__What needs to be done__: Below are the records; retype each one exactly.

Short web captions

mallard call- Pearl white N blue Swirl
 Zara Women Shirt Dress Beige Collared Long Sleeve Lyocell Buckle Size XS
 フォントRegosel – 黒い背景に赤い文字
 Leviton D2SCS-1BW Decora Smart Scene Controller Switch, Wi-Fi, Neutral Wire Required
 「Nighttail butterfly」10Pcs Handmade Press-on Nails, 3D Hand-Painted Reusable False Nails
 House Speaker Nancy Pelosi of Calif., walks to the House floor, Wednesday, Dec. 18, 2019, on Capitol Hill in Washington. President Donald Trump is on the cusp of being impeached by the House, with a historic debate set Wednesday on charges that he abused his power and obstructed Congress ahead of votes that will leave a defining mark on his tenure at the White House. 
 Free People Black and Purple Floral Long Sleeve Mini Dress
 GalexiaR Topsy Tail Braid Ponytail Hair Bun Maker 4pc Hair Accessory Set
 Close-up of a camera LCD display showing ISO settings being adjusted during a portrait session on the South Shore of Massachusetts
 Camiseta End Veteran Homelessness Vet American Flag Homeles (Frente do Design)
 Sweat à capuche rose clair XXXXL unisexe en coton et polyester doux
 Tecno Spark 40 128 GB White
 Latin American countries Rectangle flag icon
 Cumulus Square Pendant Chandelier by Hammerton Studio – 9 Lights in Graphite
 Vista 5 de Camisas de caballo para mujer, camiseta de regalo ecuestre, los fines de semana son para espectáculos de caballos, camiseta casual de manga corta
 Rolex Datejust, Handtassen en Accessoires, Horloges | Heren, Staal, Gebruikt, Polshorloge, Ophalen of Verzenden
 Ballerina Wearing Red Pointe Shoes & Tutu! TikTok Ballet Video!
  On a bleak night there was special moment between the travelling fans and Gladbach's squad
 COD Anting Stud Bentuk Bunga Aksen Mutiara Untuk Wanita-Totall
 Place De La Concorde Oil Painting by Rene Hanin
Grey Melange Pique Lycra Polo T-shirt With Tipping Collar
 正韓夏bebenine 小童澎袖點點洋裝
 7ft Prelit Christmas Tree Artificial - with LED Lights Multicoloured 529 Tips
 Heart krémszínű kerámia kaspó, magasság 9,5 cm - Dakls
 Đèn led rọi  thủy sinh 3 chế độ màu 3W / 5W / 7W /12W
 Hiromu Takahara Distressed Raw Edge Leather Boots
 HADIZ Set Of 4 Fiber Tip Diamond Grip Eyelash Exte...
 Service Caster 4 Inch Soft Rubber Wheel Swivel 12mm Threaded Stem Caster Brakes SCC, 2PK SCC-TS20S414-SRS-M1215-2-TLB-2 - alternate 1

__Result for this exercise__:
mallard call- Pearl white N blue Swirl
 Zara Women Shirt Dress Beige Collared Long Sleeve Lyocell Buckle Size XS
 フォントRegosel – 黒い背景に赤い文字
 Leviton D2SCS-1BW Decora Smart Scene Controller Switch, Wi-Fi, Neutral Wire Required
 「Nighttail butterfly」10Pcs Handmade Press-on Nails, 3D Hand-Painted Reusable False Nails
 House Speaker Nancy Pelosi of Calif., walks to the House floor, Wednesday, Dec. 18, 2019, on Capitol Hill in Washington. President Donald Trump is on the cusp of being impeached by the House, with a historic debate set Wednesday on charges that he abused his power and obstructed Congress ahead of votes that will leave a defining mark on his tenure at the White House. 
 Free People Black and Purple Floral Long Sleeve Mini Dress
 GalexiaR Topsy Tail Braid Ponytail Hair Bun Maker 4pc Hair Accessory Set
 Close-up of a camera LCD display showing ISO settings being adjusted during a portrait session on the South Shore of Massachusetts
 Camiseta End Veteran Homelessness Vet American Flag Homeles (Frente do Design)
 Sweat à capuche rose clair XXXXL unisexe en coton et polyester doux
 Tecno Spark 40 128 GB White
 Latin American countries Rectangle flag icon
 Cumulus Square Pendant Chandelier by Hammerton Studio – 9 Lights in Graphite
 Vista 5 de Camisas de caballo para mujer, camiseta de regalo ecuestre, los fines de semana son para espectáculos de caballos, camiseta casual de manga corta
 Rolex Datejust, Handtassen en Accessoires, Horloges | Heren, Staal, Gebruikt, Polshorloge, Ophalen of Verzenden
 Ballerina Wearing Red Pointe Shoes & Tutu! TikTok Ballet Video!
  On a bleak night there was special moment between the travelling fans and Gladbach's squad
 COD Anting Stud Bentuk Bunga Aksen Mutiara Untuk Wanita-Totall
 Place De La Concorde Oil Painting by Rene Hanin
Grey Melange Pique Lycra Polo T-shirt With Tipping Collar
 正韓夏bebenine 小童澎袖點點洋裝
 7ft Prelit Christmas Tree Artificial - with LED Lights Multicoloured 529 Tips
 Heart krémszínű kerámia kaspó, magasság 9,5 cm - Dakls
 Đèn led rọi  thủy sinh 3 chế độ màu 3W / 5W / 7W /12W
 Hiromu Takahara Distressed Raw Edge Leather Boots
 HADIZ Set Of 4 Fiber Tip Diamond Grip Eyelash Exte...
 Service Caster 4 Inch Soft Rubber Wheel Swivel 12mm Threaded Stem Caster Brakes SCC, 2PK SCC-TS20S414-SRS-M1215-2-TLB-2 - alternate 1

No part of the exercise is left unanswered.